## [Your objective]
Among the lines of data below, reproduce only those from the one with "(WMNS) A BATHING" through the one with "Majestic cabin cruiser", exactly as they stand, both ends included.

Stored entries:
- Opening Delimiter -
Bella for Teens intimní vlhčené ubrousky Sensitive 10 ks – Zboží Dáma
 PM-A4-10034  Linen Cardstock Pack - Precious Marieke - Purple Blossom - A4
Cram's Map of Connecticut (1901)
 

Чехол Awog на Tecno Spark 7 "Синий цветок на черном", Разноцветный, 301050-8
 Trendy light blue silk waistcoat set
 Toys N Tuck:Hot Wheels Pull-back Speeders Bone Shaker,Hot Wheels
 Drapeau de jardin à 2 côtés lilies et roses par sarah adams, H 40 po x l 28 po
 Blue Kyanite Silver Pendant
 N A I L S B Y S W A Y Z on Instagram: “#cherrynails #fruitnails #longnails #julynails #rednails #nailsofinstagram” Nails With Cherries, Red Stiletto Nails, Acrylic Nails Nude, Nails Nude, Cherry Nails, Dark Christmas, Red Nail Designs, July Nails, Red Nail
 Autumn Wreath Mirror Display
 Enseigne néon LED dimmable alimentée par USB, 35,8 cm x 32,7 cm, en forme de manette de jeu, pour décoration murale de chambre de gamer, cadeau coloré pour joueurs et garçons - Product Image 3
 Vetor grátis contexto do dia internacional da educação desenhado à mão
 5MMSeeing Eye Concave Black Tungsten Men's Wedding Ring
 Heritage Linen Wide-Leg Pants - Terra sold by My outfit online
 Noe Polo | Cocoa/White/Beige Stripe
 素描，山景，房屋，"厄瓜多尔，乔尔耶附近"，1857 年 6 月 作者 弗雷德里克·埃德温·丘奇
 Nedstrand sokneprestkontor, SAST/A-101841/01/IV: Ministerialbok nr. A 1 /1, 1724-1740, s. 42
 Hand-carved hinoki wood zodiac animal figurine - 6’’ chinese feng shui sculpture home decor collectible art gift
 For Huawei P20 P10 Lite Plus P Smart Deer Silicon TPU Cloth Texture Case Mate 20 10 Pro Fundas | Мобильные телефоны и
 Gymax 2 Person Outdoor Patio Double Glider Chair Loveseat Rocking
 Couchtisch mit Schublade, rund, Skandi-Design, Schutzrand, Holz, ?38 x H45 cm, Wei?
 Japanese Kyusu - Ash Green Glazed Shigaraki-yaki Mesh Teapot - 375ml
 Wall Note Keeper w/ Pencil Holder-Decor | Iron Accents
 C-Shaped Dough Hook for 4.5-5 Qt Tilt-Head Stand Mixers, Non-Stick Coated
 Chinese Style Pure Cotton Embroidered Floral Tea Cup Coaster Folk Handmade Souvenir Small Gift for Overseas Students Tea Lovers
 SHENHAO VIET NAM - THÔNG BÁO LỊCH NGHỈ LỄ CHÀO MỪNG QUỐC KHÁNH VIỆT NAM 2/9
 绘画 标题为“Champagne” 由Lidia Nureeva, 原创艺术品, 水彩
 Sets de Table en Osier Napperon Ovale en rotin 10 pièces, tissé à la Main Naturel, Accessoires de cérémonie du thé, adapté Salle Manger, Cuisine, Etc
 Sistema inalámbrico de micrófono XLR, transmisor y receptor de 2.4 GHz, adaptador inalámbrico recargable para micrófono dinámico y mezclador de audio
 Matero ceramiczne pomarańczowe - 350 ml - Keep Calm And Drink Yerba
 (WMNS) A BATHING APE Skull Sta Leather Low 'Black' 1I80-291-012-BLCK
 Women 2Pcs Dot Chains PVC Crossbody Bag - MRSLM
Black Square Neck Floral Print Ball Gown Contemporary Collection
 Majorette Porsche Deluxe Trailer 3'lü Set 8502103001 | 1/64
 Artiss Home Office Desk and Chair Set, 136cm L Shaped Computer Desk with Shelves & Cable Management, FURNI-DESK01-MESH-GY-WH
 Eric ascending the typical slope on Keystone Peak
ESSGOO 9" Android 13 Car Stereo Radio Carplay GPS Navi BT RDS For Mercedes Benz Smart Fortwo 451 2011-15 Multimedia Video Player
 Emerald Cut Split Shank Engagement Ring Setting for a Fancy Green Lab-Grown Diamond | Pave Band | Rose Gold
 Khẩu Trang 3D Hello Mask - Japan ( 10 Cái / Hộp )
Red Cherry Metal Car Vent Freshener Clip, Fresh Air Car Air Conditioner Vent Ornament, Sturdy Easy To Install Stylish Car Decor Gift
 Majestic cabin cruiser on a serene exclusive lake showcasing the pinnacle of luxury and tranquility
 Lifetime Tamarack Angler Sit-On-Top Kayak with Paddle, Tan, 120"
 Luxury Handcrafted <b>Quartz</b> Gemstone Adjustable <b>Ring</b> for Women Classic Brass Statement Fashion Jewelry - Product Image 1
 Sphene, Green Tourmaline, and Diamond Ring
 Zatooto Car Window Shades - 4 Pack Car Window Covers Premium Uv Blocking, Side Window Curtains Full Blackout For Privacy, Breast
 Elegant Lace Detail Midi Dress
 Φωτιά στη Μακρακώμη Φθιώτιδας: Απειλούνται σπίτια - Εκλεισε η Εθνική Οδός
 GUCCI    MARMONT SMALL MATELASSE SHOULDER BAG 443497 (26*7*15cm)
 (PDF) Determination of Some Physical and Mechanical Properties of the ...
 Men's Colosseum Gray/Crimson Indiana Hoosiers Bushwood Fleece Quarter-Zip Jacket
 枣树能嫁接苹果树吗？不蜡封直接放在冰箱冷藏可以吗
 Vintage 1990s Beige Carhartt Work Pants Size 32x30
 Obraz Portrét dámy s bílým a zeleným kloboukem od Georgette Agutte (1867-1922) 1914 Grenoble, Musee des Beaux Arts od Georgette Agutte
- Closing Delimiter -
## [Task solution]
 (WMNS) A BATHING APE Skull Sta Leather Low 'Black' 1I80-291-012-BLCK
 Women 2Pcs Dot Chains PVC Crossbody Bag - MRSLM
Black Square Neck Floral Print Ball Gown Contemporary Collection
 Majorette Porsche Deluxe Trailer 3'lü Set 8502103001 | 1/64
 Artiss Home Office Desk and Chair Set, 136cm L Shaped Computer Desk with Shelves & Cable Management, FURNI-DESK01-MESH-GY-WH
 Eric ascending the typical slope on Keystone Peak
ESSGOO 9" Android 13 Car Stereo Radio Carplay GPS Navi BT RDS For Mercedes Benz Smart Fortwo 451 2011-15 Multimedia Video Player
 Emerald Cut Split Shank Engagement Ring Setting for a Fancy Green Lab-Grown Diamond | Pave Band | Rose Gold
 Khẩu Trang 3D Hello Mask - Japan ( 10 Cái / Hộp )
Red Cherry Metal Car Vent Freshener Clip, Fresh Air Car Air Conditioner Vent Ornament, Sturdy Easy To Install Stylish Car Decor Gift
 Majestic cabin cruiser on a serene exclusive lake showcasing the pinnacle of luxury and tranquility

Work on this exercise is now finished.